Records from a data collection:
◆ ◆ ◆ ◆ ◆ ◆ ◆

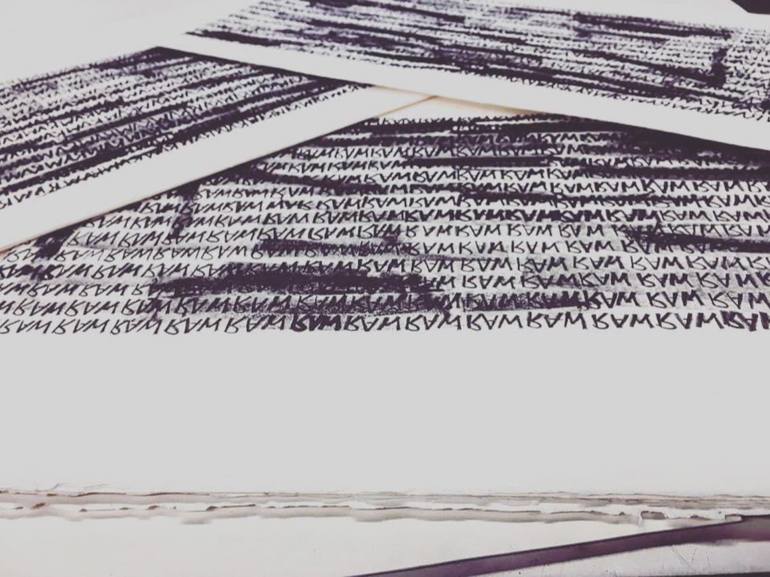 Original Abstract Expressionism Typography Printmaking by Emily Strange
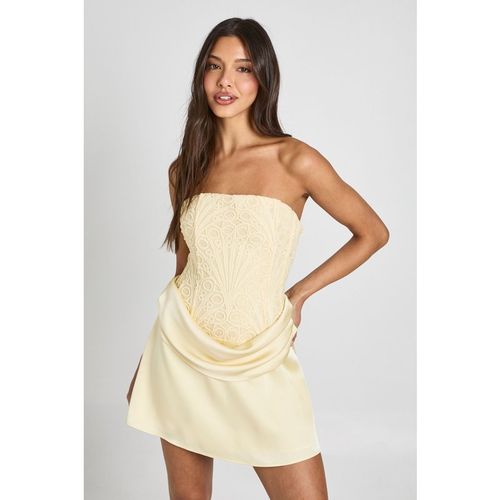 Boohoo Womens Textured Sheer Floral Lace Corset Drape Mini Dress - Yellow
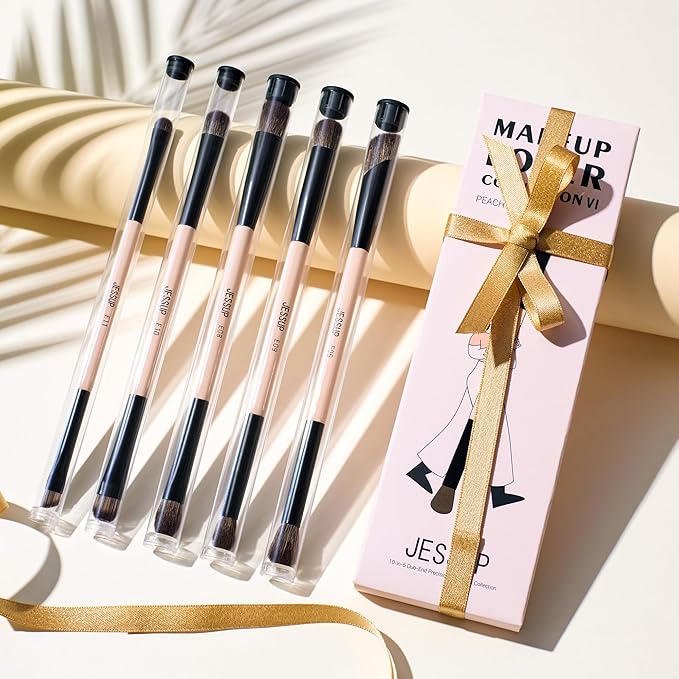 Jessup Makeup Brushes 5pcs Double Ended Eyeshadow Brush Contour Blending Eyeliner Eye Shader Brush, Vegan Fiber Precision Eye Brush Set Peach Dust T509-FemmiqueWomen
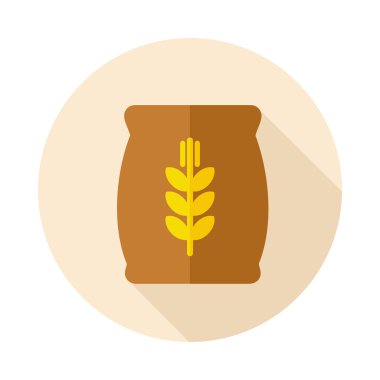 Uzun gölge düz simgesiyle tahıl çuvalı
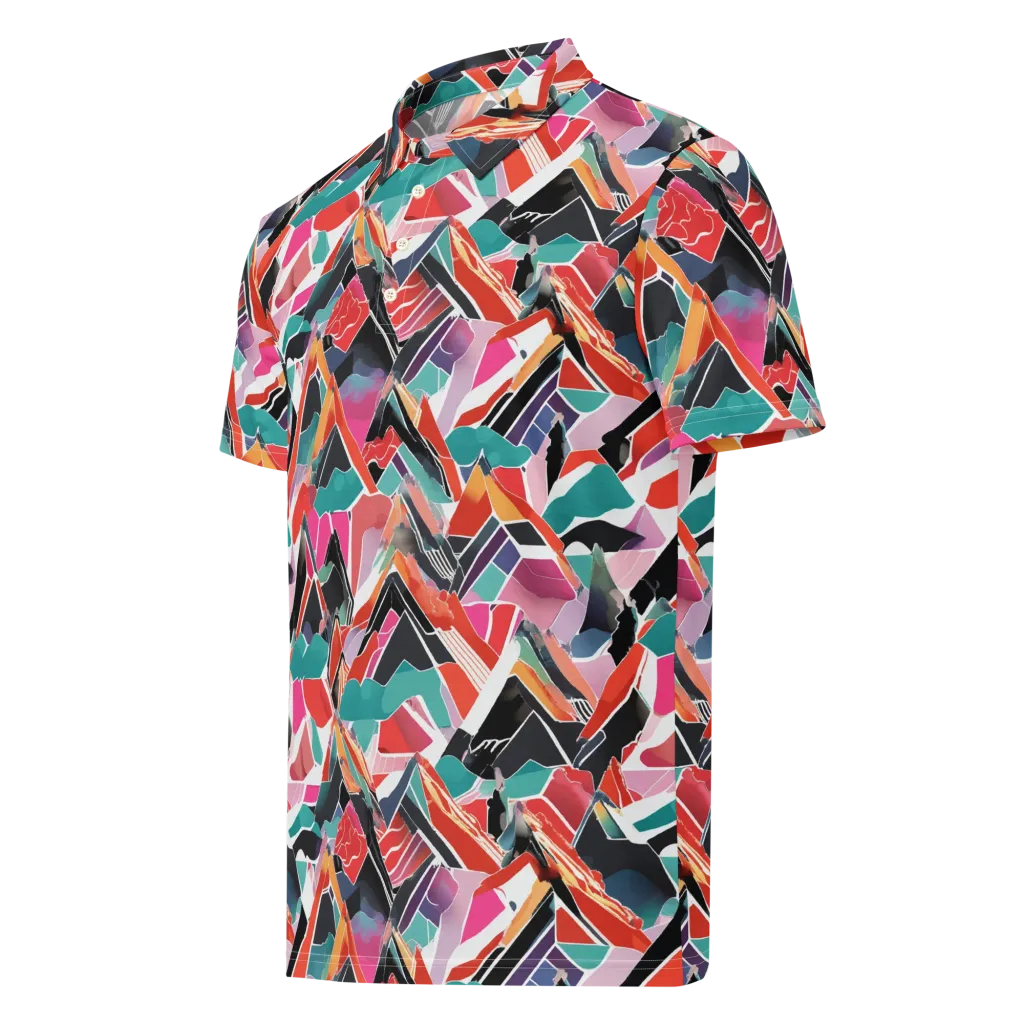 Chromatic Avalanche on Men's Slim Fit Polo Shirt — Left Front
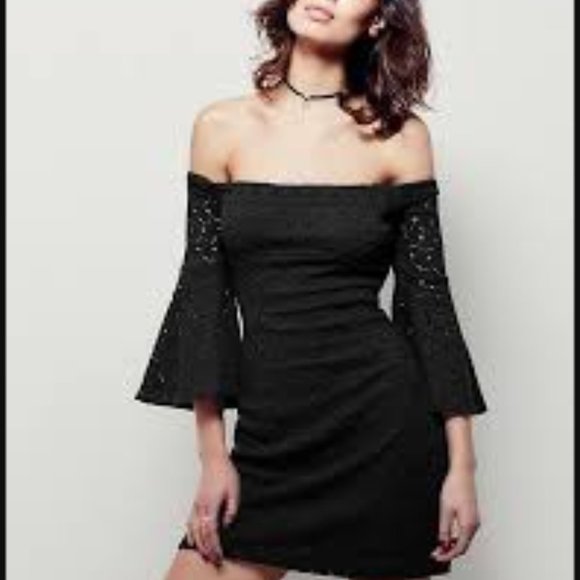 NWT Free People Lace Off Shoulder  Dress - Picture 1 of 4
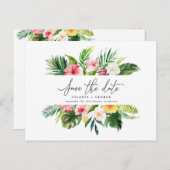 Het het bladmanuscript van de Tropische waterverf  Aankondigingskaart (Voorkant / Achterkant)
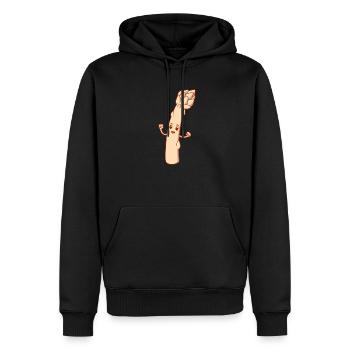 Bande dessinée Asperges - Sweat à capuche Premium bio Homme - noir - Devant - Nico (187cm)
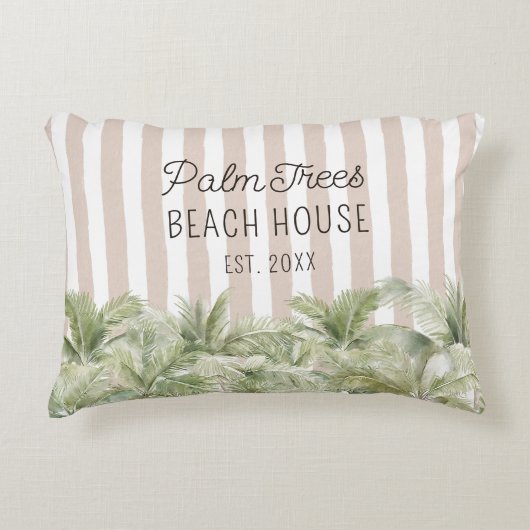 トロピカルパームツリーズベージュストライプビーチハウス アクセントクッション (正面)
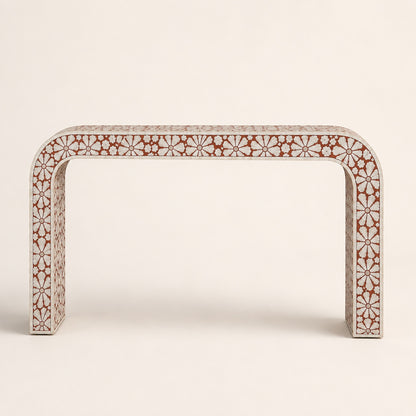 Red Bone Inlay Console Table | Floral Medallion Waterfall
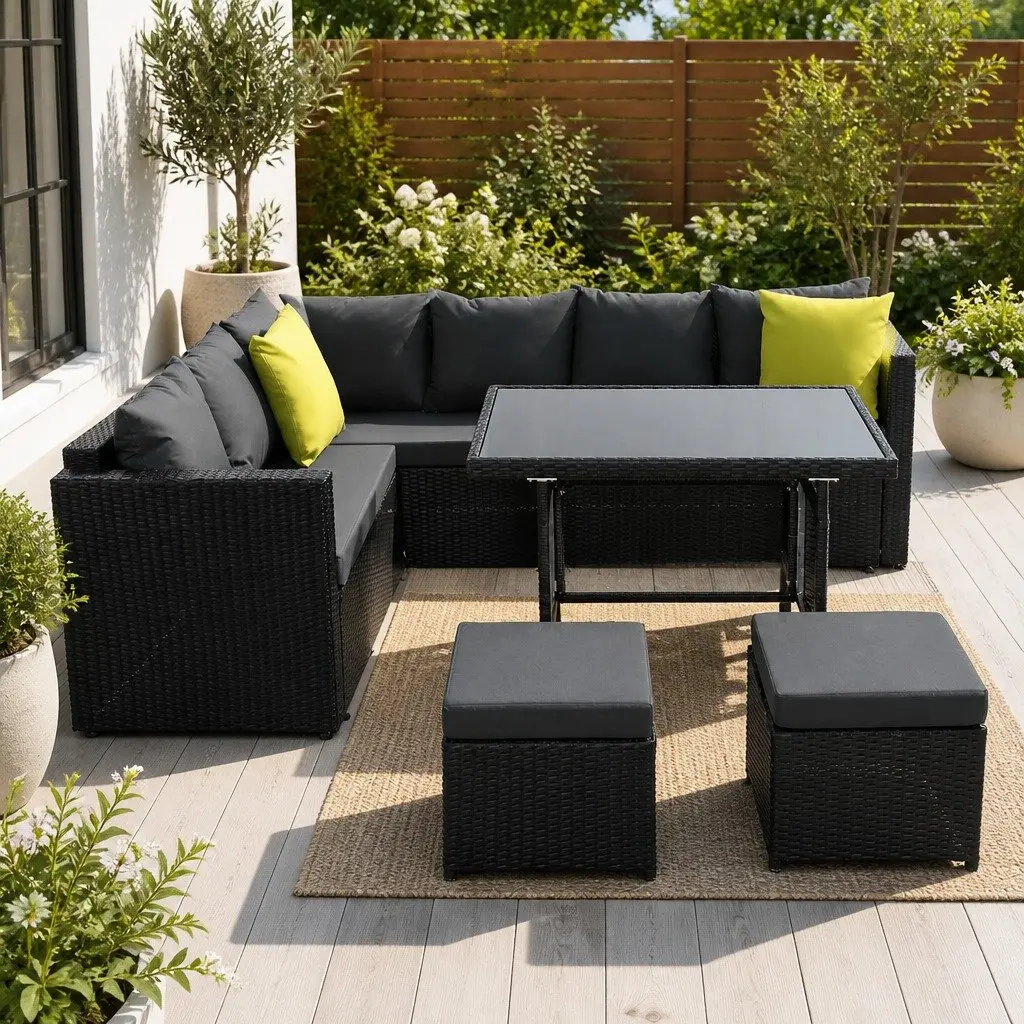 Outdoor Dining Sofa Set Black Wicker Aluminum Frame Modular Seating Cushioned Table
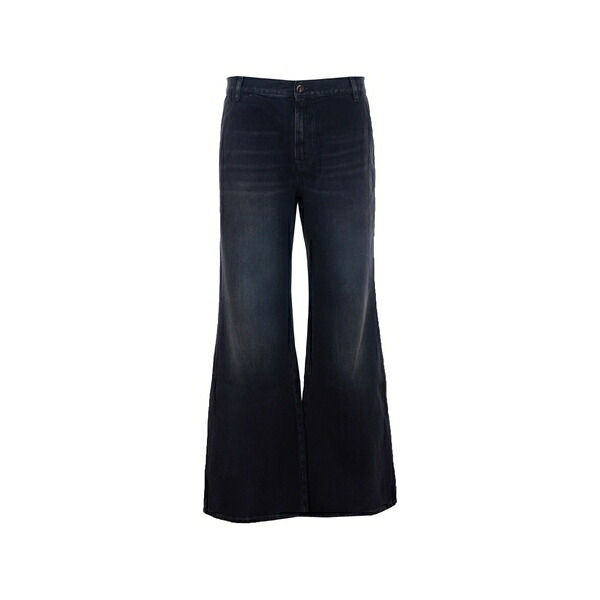 アミリ メンズ デニムパンツ ボトムス Logo-patch wide-leg jeans Grey｜asty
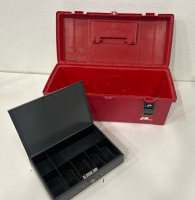 (2) Plastic Tool Boxes (1) Metal Cash Box (1) Tool Bag - 2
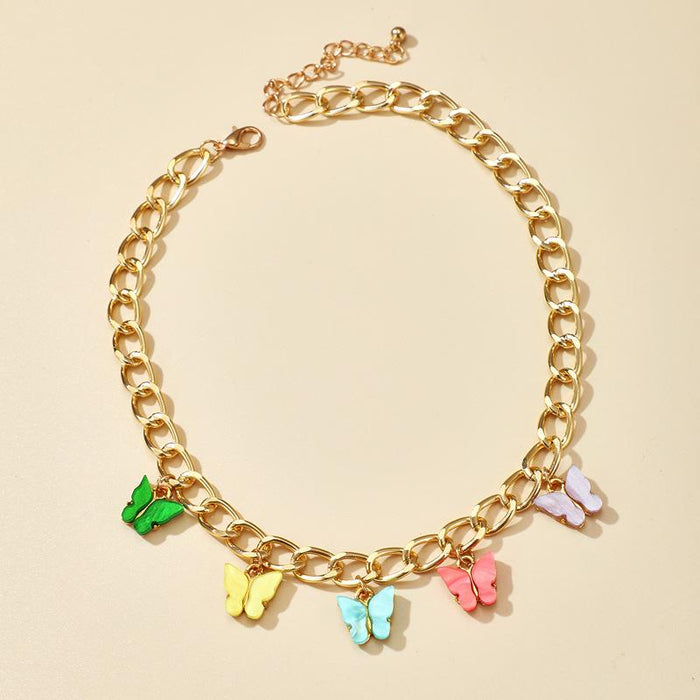 Bulk Jewelry Wholesale colorful alloy thick chain butterfly necklace JDC-NE-C029 Wholesale factory from China YIWU China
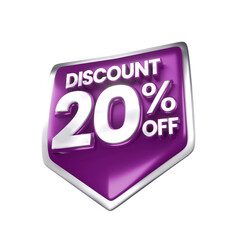3d sales purple and white discount price tag for composition 20 percent, amazing for product promotion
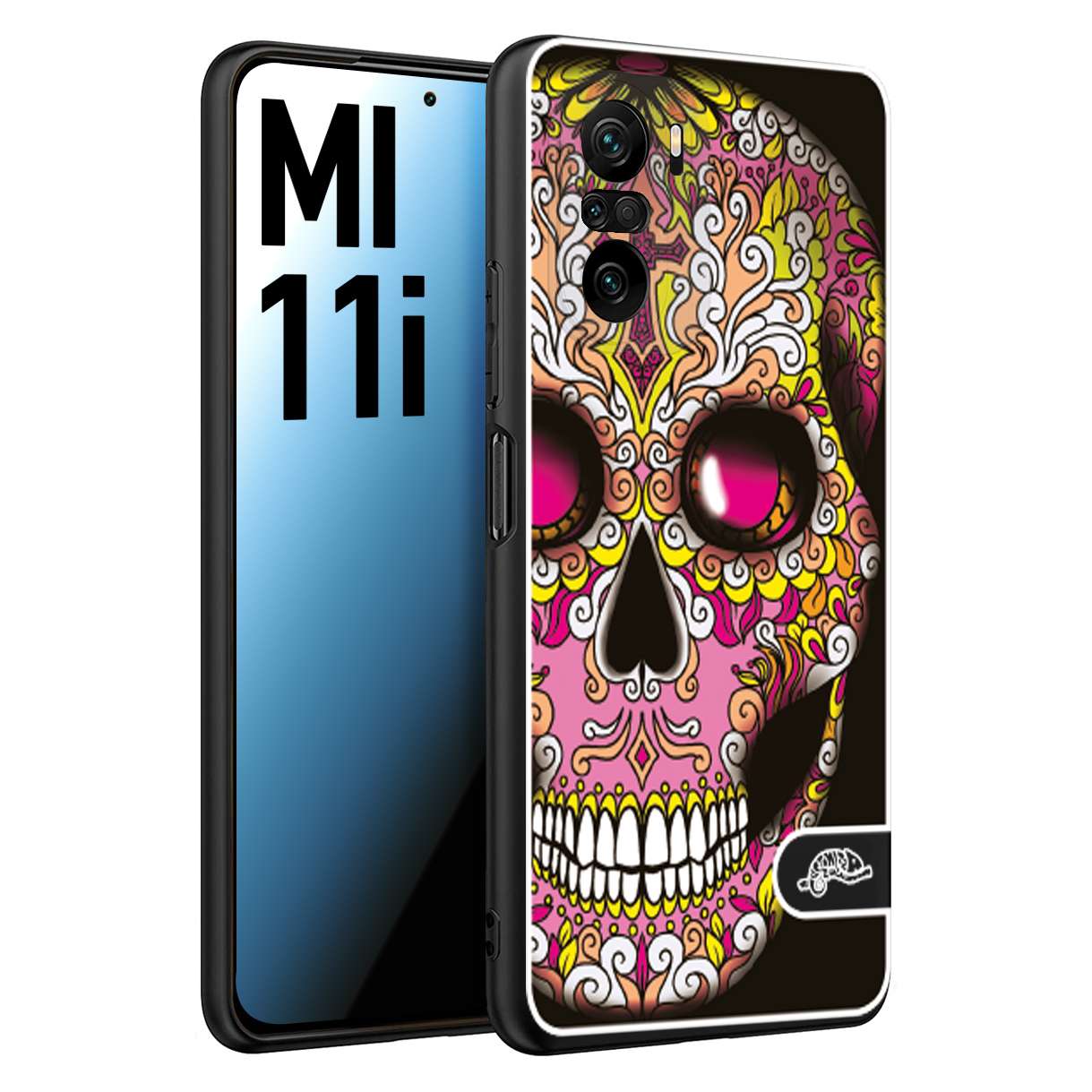 CUSTOMIZZA - Custodia cover nera morbida in tpu compatibile per Xiaomi Mi 11i teschio messicano Mexican skull rosa gialla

◆ ◆ ◆ ◆ ◆ ◆ ◆

Work request
Your task is to set down each line above verbatim while excluding the pictures.

Output of the task
 Original Abstract Expressionism Typography Printmaking by Emily Strange
 Boohoo Womens Textured Sheer Floral Lace Corset Drape Mini Dress - Yellow
 Jessup Makeup Brushes 5pcs Double Ended Eyeshadow Brush Contour Blending Eyeliner Eye Shader Brush, Vegan Fiber Precision Eye Brush Set Peach Dust T509-FemmiqueWomen
 Uzun gölge düz simgesiyle tahıl çuvalı
 Chromatic Avalanche on Men's Slim Fit Polo Shirt — Left Front
 NWT Free People Lace Off Shoulder  Dress - Picture 1 of 4
 Het het bladmanuscript van de Tropische waterverf  Aankondigingskaart (Voorkant / Achterkant)
 Bande dessinée Asperges - Sweat à capuche Premium bio Homme - noir - Devant - Nico (187cm)
 トロピカルパームツリーズベージュストライプビーチハウス アクセントクッション (正面)
 Red Bone Inlay Console Table | Floral Medallion Waterfall
 Outdoor Dining Sofa Set Black Wicker Aluminum Frame Modular Seating Cushioned Table
 アミリ メンズ デニムパンツ ボトムス Logo-patch wide-leg jeans Grey｜asty
 (2) Plastic Tool Boxes (1) Metal Cash Box (1) Tool Bag - 2
 Bulk Jewelry Wholesale colorful alloy thick chain butterfly necklace JDC-NE-C029 Wholesale factory from China YIWU China
3d sales purple and white discount price tag for composition 20 percent, amazing for product promotion
 CUSTOMIZZA - Custodia cover nera morbida in tpu compatibile per Xiaomi Mi 11i teschio messicano Mexican skull rosa gialla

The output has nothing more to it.